Government backed mortgage
Government backed mortgage are the type of mortgage which is secured by the federal agency. There are 3 types of loan namely FHA, VA, USDA. Depending on the borrower's situation, they may qualify for one or more. It is easier to qualify for these types of loans when compared to the conventional loan. Even though these loans are secured by federal agency, the same mortgage agent can facilitate the loan.
A USDA loan, also known as a rural development loan, provides an affordable way for people living in rural and suburban areas whose household incomes fall within the USDA limits to purchase a home. These loans are backed by the U.S Department of Agriculture. USDA loans have 0% down payment for eligible rural home buyers and is designed for the people who are not wealthy and can get a traditional mortgage. You can use this program to either get a new home or to refinance current home for better interest rate.
USDA direct loans are the loans issued by USDA for the qualifying borrowers with interest rate as low as 1%.
USDA loan guarantees are the mortgage issued by participating local lenders for a low interest rate.
USDA home improvement loans are the loans issued for the home improvement or home repairs on their homes.

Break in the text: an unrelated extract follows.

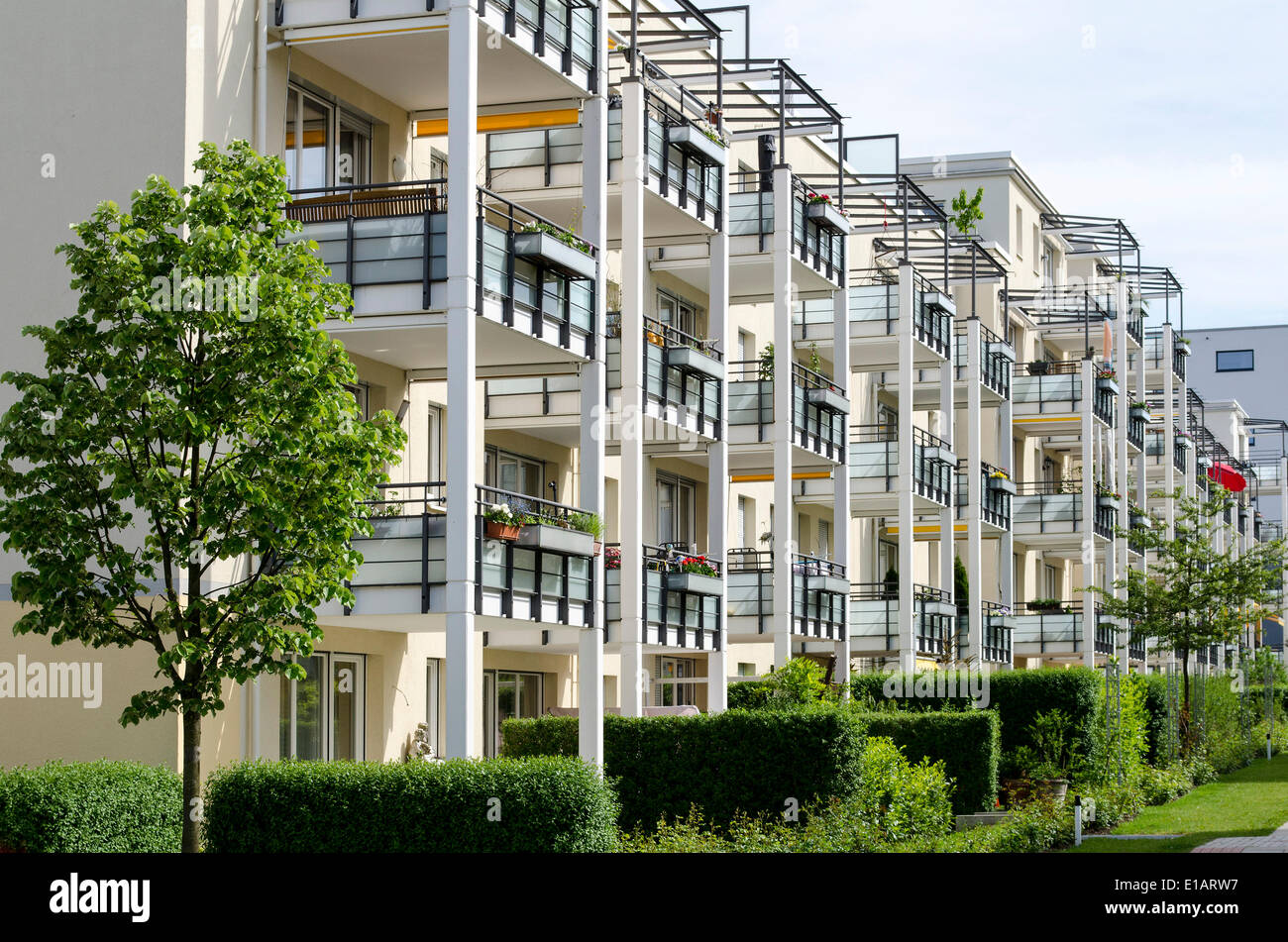 Modernen Wohnanlage, Schlossviertel Nymphenburg Viertel, München, Bayern, Deutschland Stockfoto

Though the loan is available with 0% down payment, monthly mortgage insurance is charged for the borrowers. This is an insurance premium charged by the lenders for the borrowers who take out loans backed by US Department of Agriculture. This is charged by the lenders to offset a 0% down payment made by the borrower. USDA loan can be obtained by making a 0% down payment and a minimum credit score of 640. Guarantee fee function as a mortgage insurance in FHA, but are much lower than FHA mortgage insurance premium which goes towards the funding of the USDA program.
Eligibility for the loan
A minimum FICO score of 640 is needed. Borrowers with at least a score of 640 will be eligible for the streamline processing and borrowers with score lower than that will have a much stricter underwriting but may be eligible for the loan depending on the lenders.
Loans from the USDA are available to families who demonstrate economic need, so your adjusted gross income can't exceed 115% of the median income in the area.
In addition to your debt-to-income ratio, your USDA lender will also consider your income when considering your loan. DTIs of 43% or lower are generally recommended for best qualification chances
The home must be the primary residence for the borrower. It must not be an investment property or vacation home.
It may be a single family, Condo, approved PUD, manufactured homes that meet the loan eligibility and the standards. Duplexes are usually not allowed.
Property must be located within the USDA rural area.
The home appraisal must show the condition of the home - water, HVAC systems must be up to date, foundation must be in a good condition, the property must be accessible.
Ability to qualify for the loan with a credit score as low as 680.
Ability to get a loan with 0% down payment and roll over the closing costs into the loan.
Ability to roll over the monthly mortgage fee into the loan.